The trials of Job were not produced because he was a sinner, but because he was not.  He wasn’t perfect, but he passionately hated sin and loved God.  “He feared God and turned away continually from evil.”

His trials weren’t proof that he was in trouble with God, his trials were proof that he could be trusted by God.

Eliphaz is drawing his angry and condemning verdict from the outward evidences of what looked like God’s displeasure, when there were in fact, evidences of God’s delight in Job.

God has chosen to hold Job forth as a living testimony to Satan and the hosts of heaven and hell and all of humanity since who have read these words, that it is possible in the midst of great suffering to not only bring God praise but be an object that fulfills God’s purpose.

People who only look on the surface of things will never seize that deeper truth.
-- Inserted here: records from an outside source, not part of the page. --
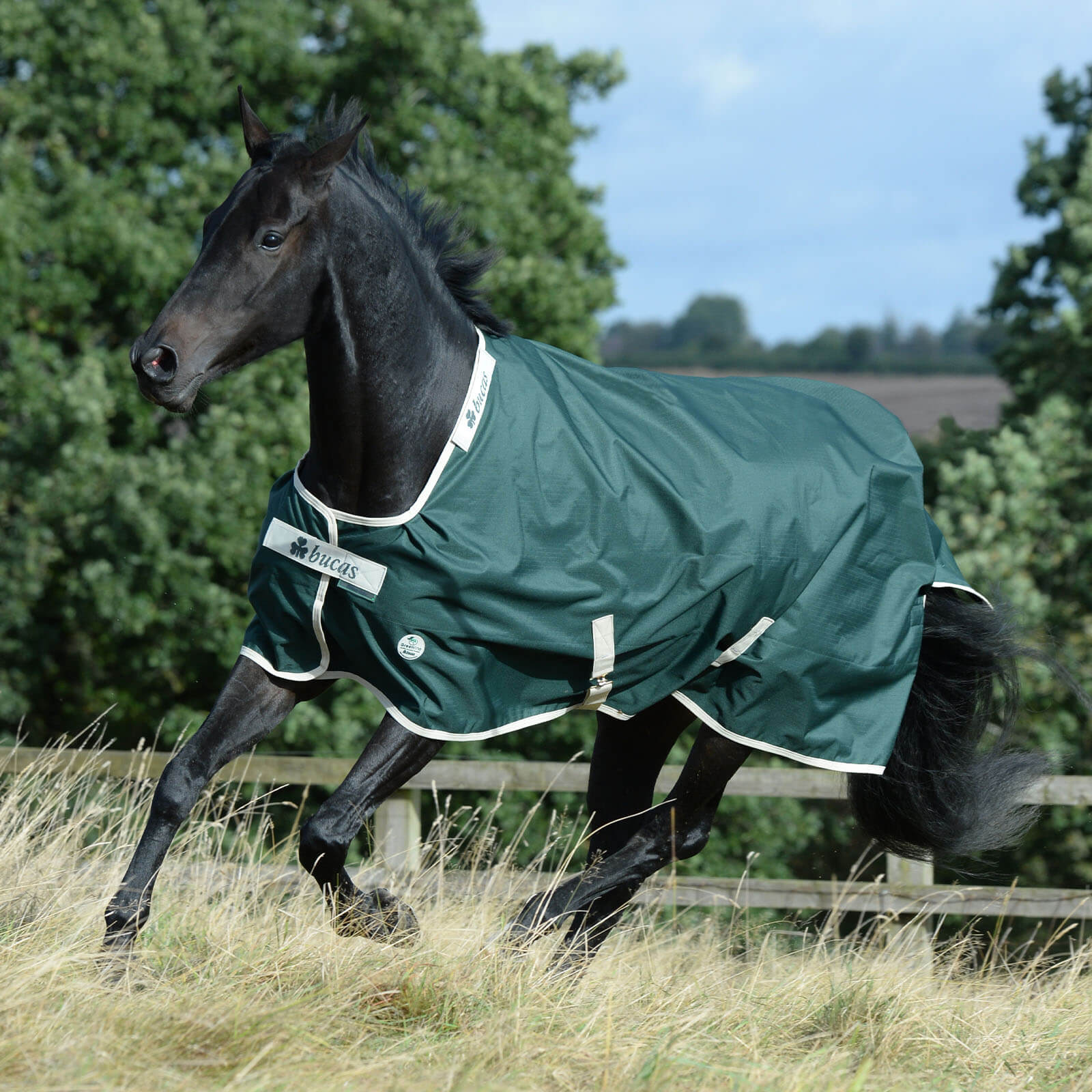 Bucas Outdoordecke 100g Greenline Turnout Weidedecke, Grün, Pferd auf der Weide.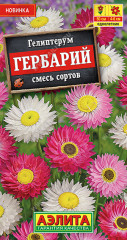 Гелиптерум «Гербарий», смесь сортов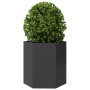Jardinera hexagonal acero negra 46x40x45 cm en Macetas y jardineras | Comprar online en Foru.es
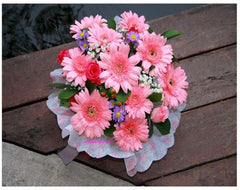 Pink Gerbera Arrangement  - TBF4047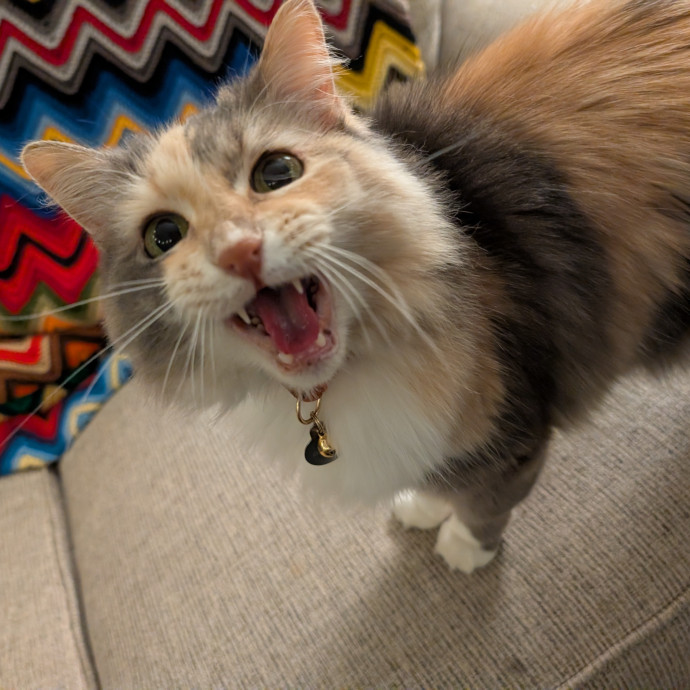 Your Cat's Best Friend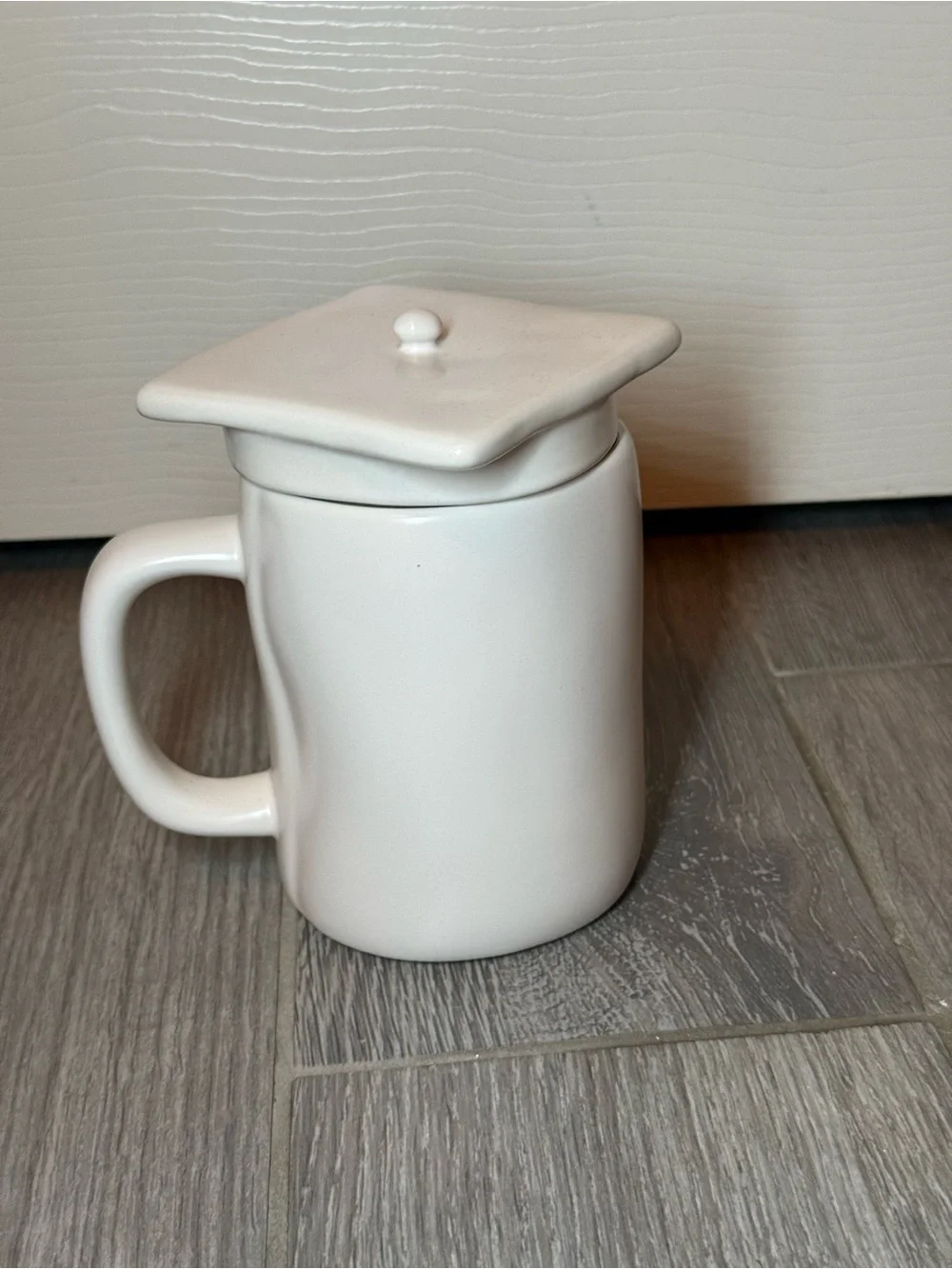 NWOT Rae Dunn Class of 2024 Mug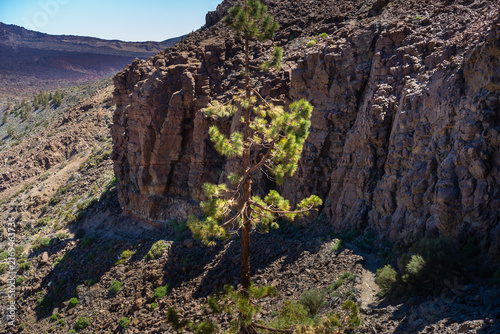 Konstfotografi Canary pine below basalt cliffs, Tenerife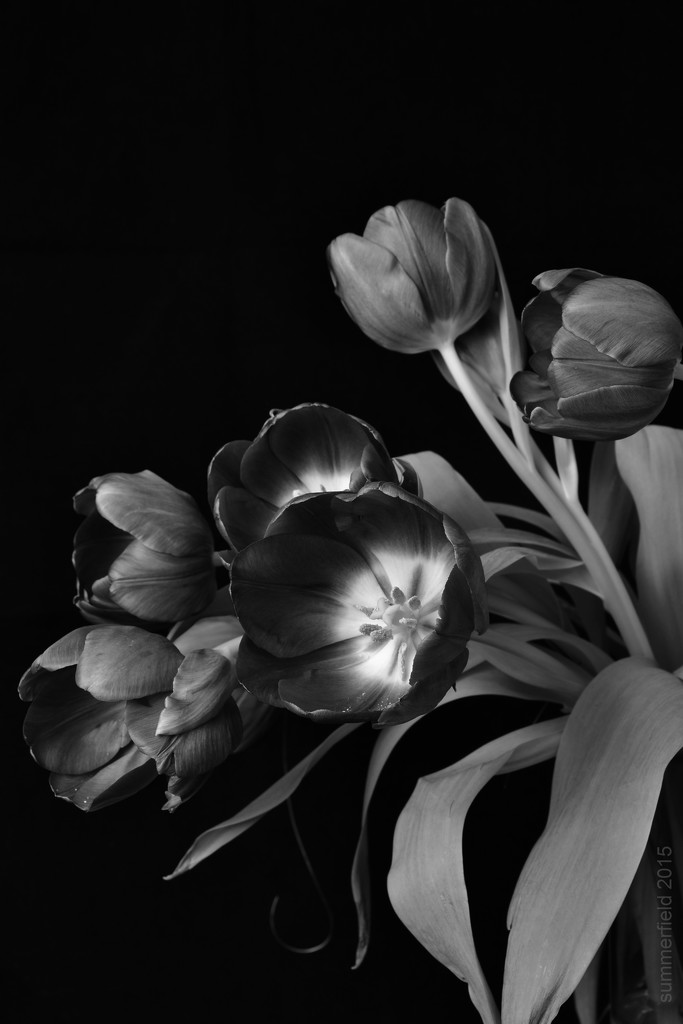 purple tulips in black and white by summerfield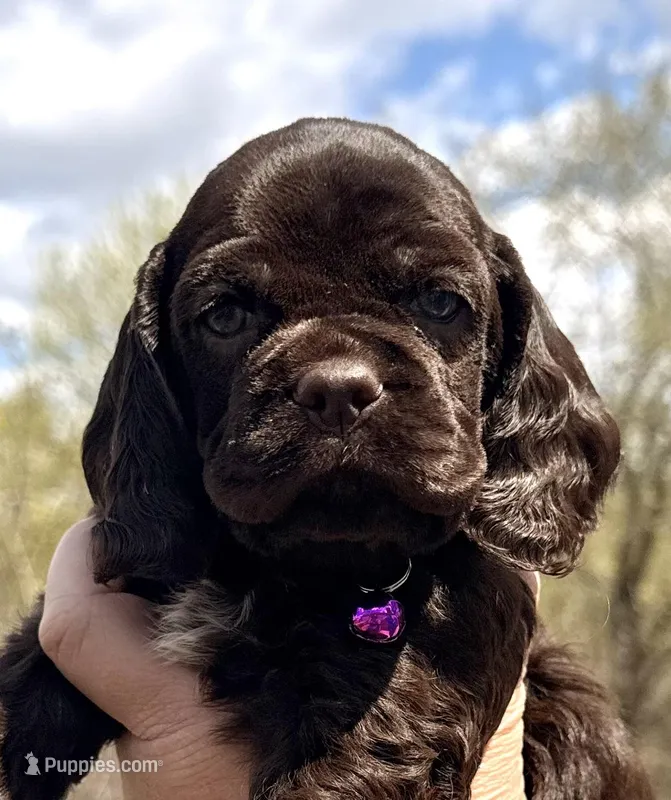 Maggie , a female Cocker Spaniel for sale in Bay City, WI – Photo 1 of 10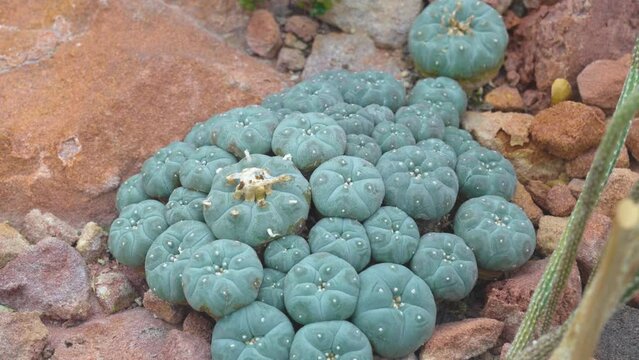 Close up of peyote cactus with pan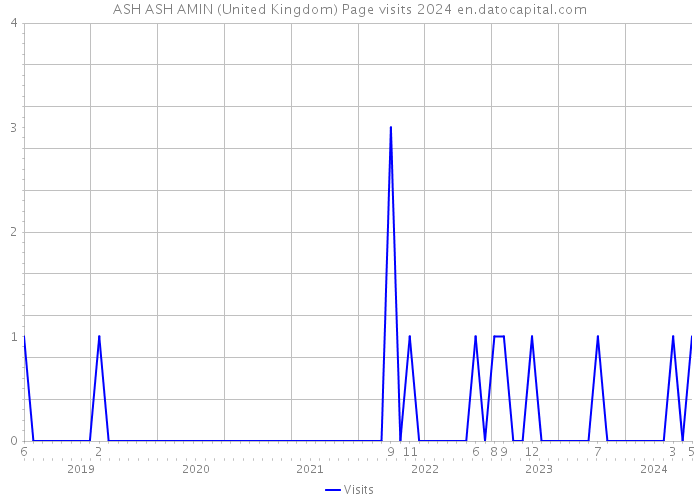 ASH ASH AMIN (United Kingdom) Page visits 2024 
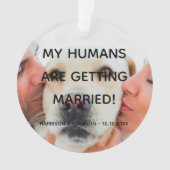 Verlobung Ankündigung des Foto Hundeschlitten Ornament (Vorderseite)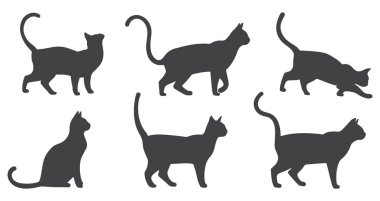 vektör kedi Icon set.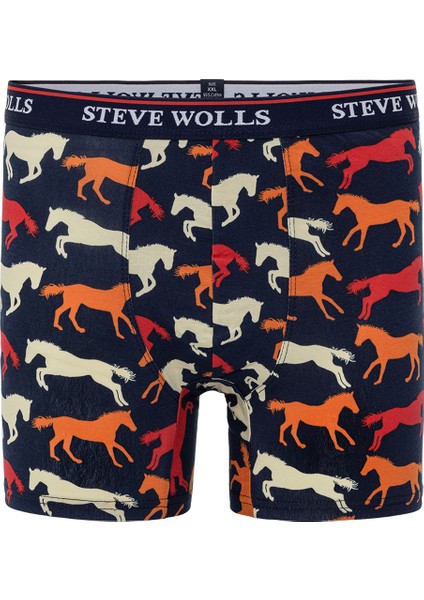 Erkek Karışık Desenli 5’Li Boxer - 23310 (P102) fırsatları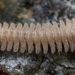 Kiusiunum longisetum - Photo (c) Bruno Bell,  זכויות יוצרים חלקיות (CC BY-NC), הועלה על ידי Bruno Bell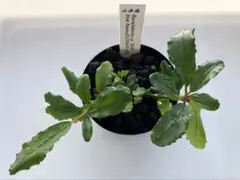 た*う様 Bucephalandra sp\"彩雲\" from Kapuas た*う様 Bucephalandra sp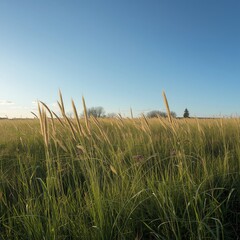 wheat field in the morning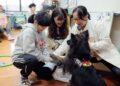 從浪犬到狗老師 打造人與動物共好的療癒藍圖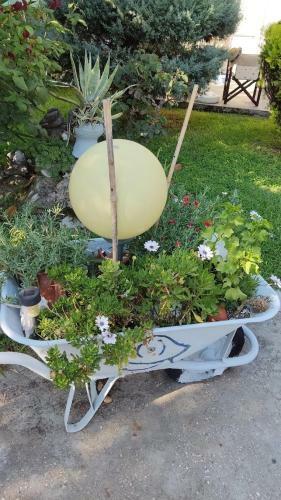 Apartamento Cactus Suite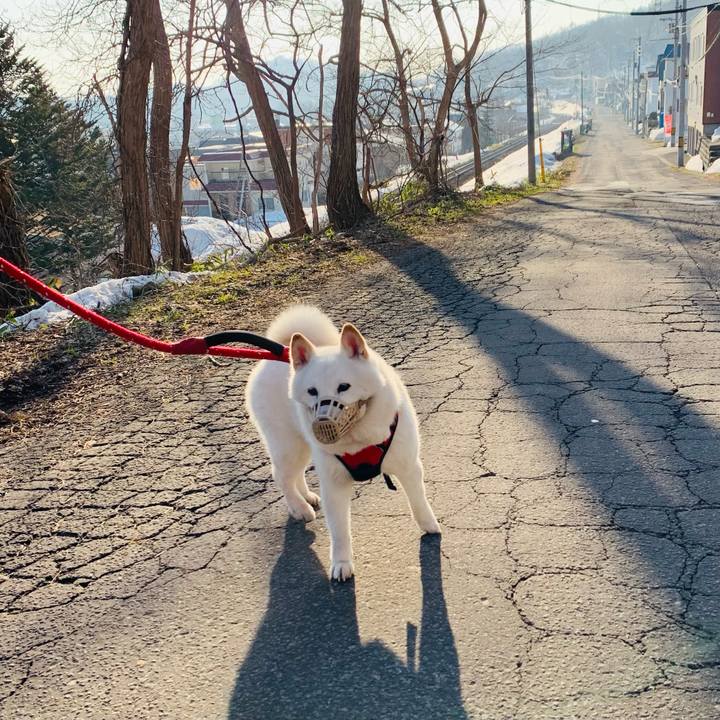 55ff1fdc 396d 43b7 a77f 68dba32745fd 1680042548765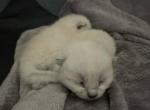 Dreamers - Siamese Cat For Sale - Cape Coral&comma; FL&comma; US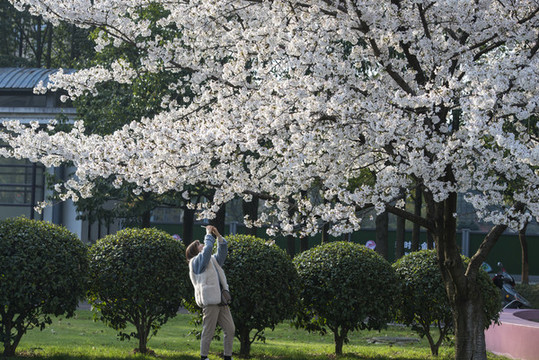 櫻花公園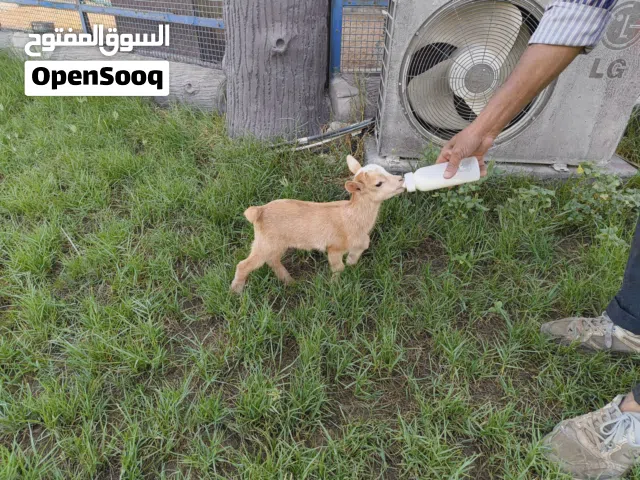 Dwarf baby goats for sale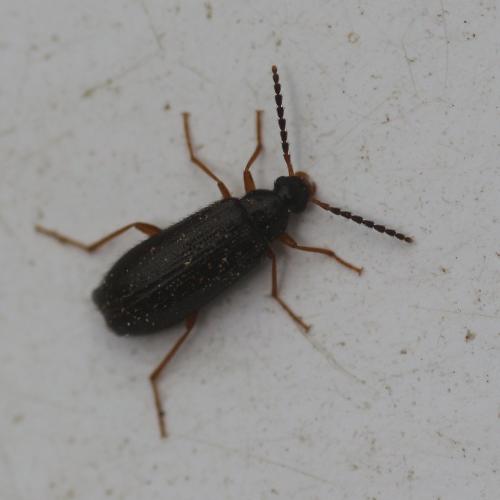 Mycetochara maura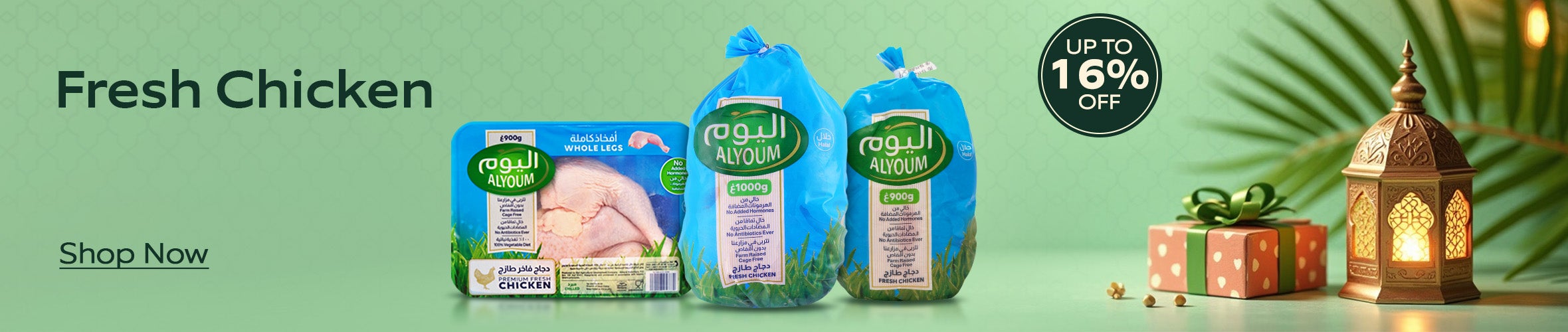 FW - Alyoum BrandW11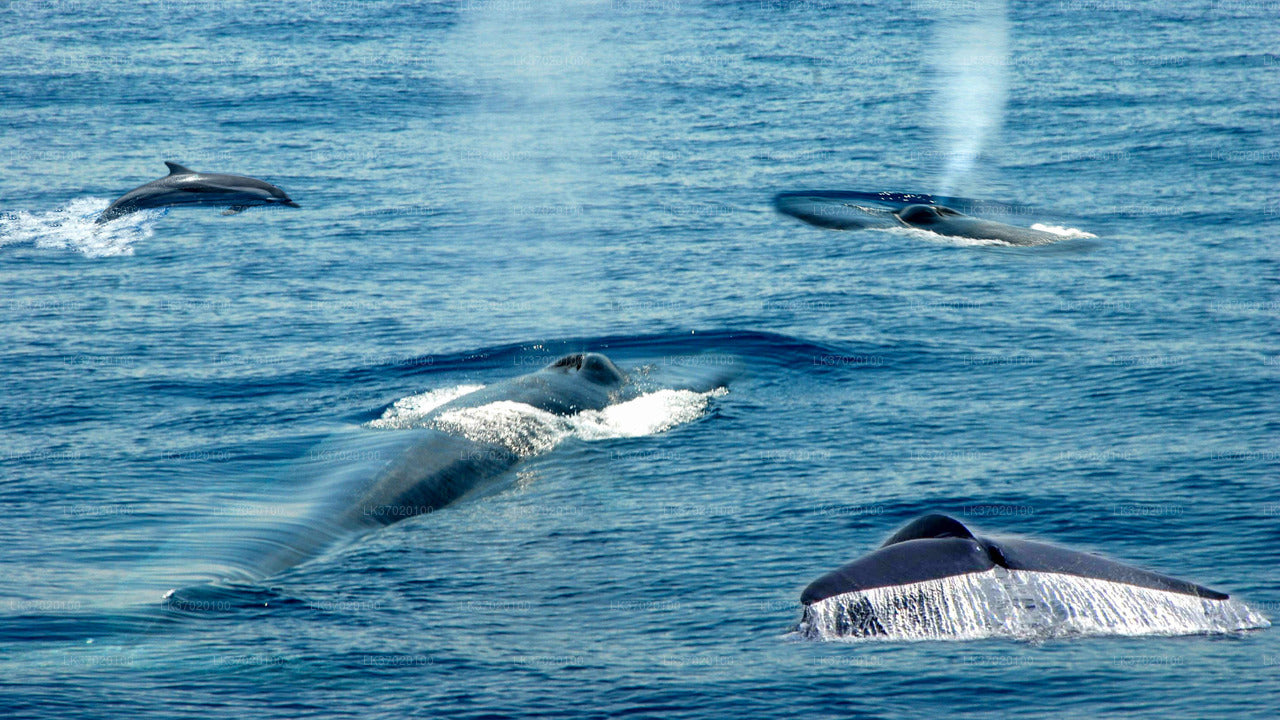 Observation des baleines au départ d'Ahungalla en bateau partagé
Their view of God depends on the weather . . . the stock market . . . the job promotion . . . health and smooth sailing.

That’s Eliphaz the Temanite.  He appears to be wise, but in the end he is shallow and fleshly.

But he doesn’t stop blundering with that.  In fact, he’s already done all this before.  But at this point, Eliphaz goes even further down the wrong path.

His third blunder, which can be made by all who counsel after the flesh, was this.

3.  Number 3: He took on the role of omniscient God.  Or you could say, in our vernacular, he took on the role of the Holy Spirit.

He’s literally gonna start making up sins.  He’s gonna literally start accusing Job of stuff Job has never done.

Eliphaz is so convinced that Job is guilty of hidden sins and things that haven’t been brought by witnesses or reports, that he now starts offering what he thinks they are.

He’s so angry he can’t keep it in any longer.  He will prove Job an unrepentant sinner, even though, remember, chapter 1 let us know that Job’s reputation was impeccable and upright in the community.

  • Eliphaz accuses Job in verse 6 of unbridled greed.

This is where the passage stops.